Version info: Code for this page was tested in Stata 12.1.
This code fragment page shows an example using Mata to write functions and loop through a dataset to calculate the sum distance between lattitude and longitude points within particular id groups. We use a built in Stata dataset for convenience even though it is not real lattitude and longitude data. The distance formula used is haversine. The Mata function mhaversine stands for matrix haversine because it takes a matrix as input.
mata
real matrix mhaversine(real matrix x)
/* assumes data matrix with points */
/* lat1 lon1 (from) lat2 lon2 (to) */
{
d2r = pi() / 180
earth_Rmeters = 6372797.560856 /* earth radius in meters */
lat1 = x[, 1]
lat2 = x[, 3]
lon1 = x[, 2]
lon2 = x[, 4]
rdLat = (lat1 - lat2) * d2r
rdLon = (lon1 - lon2) * d2r
latH = sin(rdLat * .5):^2
lonH = sin(rdLon * .5):^2
tmp = cos(lat1 * d2r) :* cos(lat2 * d2r)
tmp = 2 * asin(sqrt(latH :+ tmp :* lonH))

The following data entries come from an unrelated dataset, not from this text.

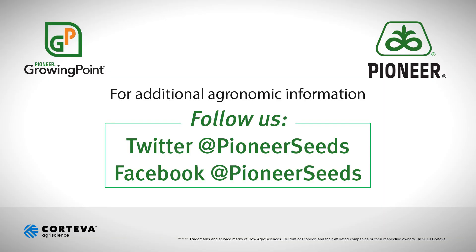Or if you can't make one of those, talk to your sales rep to see if you can get lined up with a one-on-one plot tour. We're really excited here at Pioneer about what we've got coming and where we're going. Hope to see you in a plot this summer — otherwise, have a good day. That concludes this Pioneer Growing Point agronomy video podcast. Visit our page on pioneer.com and follow us on Twitter and Facebook for more agronomy insights.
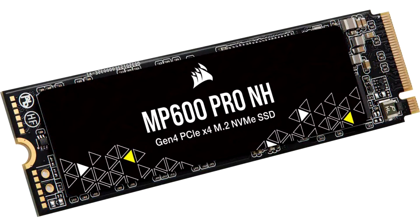The MP600 PRO NH is based around the FISON E18 and delivers sequential read speeds of up to 7000 MB/s, with write speeds peaking at 6500 MB/s depending on storage capacity. Corsair is offering the MP600 PRO NH in capacities of up to 8TB, though the 4TB SKU offers the overall best performance.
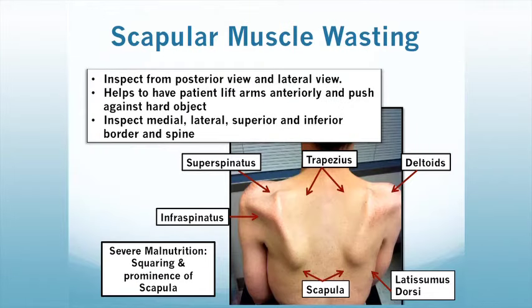The next slide talks about scapular muscle wasting. The scapula protrudes visibly, and you want to inspect from the posterior and lateral views. It helps to have the patient lift their arms anteriorly and push against a hard object. Inspect the medial, lateral, superior, and inferior borders of the spine, as well as the following muscles: the trapezius, the deltoids, the supraspinatus, infraspinatus, and the latissimus dorsi. With severe malnutrition, you will again have squaring and the prominence of these bony landmarks.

results = earth_Rmeters :* tmp /* distance in meters */
return(results)
}
void foobar(string scalar varlist, ///
string scalar selector, ///
string scalar output) {
x = st_data(., varlist, selector)
results = I(rows(x))
for(i=1; i<=rows(x); i++) {
dat = (J(rows(x), 1, x[i, ]), x)
results[i, ] = mhaversine(dat)'
}
finalresults = rowsum(results)
st_store(., output, selector, finalresults)
}
end
sysuse auto
gen mata_id = .
gen results = .
egen id = group(displacement gear_ratio)
summarize id, meanonly
forvalues ind=1/`r(max)' {
replace mata_id = id == `ind'
mata foobar("weight length", "mata_id", "results")
}
list results in 1/10
+----------+
| results |
|----------|
1. | 0 |
2. | 0 |
3. | 0 |
4. | 3360138 |
5. | 7731513 |
|----------|
6. | 5559471 |
7. | 0 |
8. | 3360138 |
9. | 4.60e+07 |
10. | 1.34e+07 |
+----------+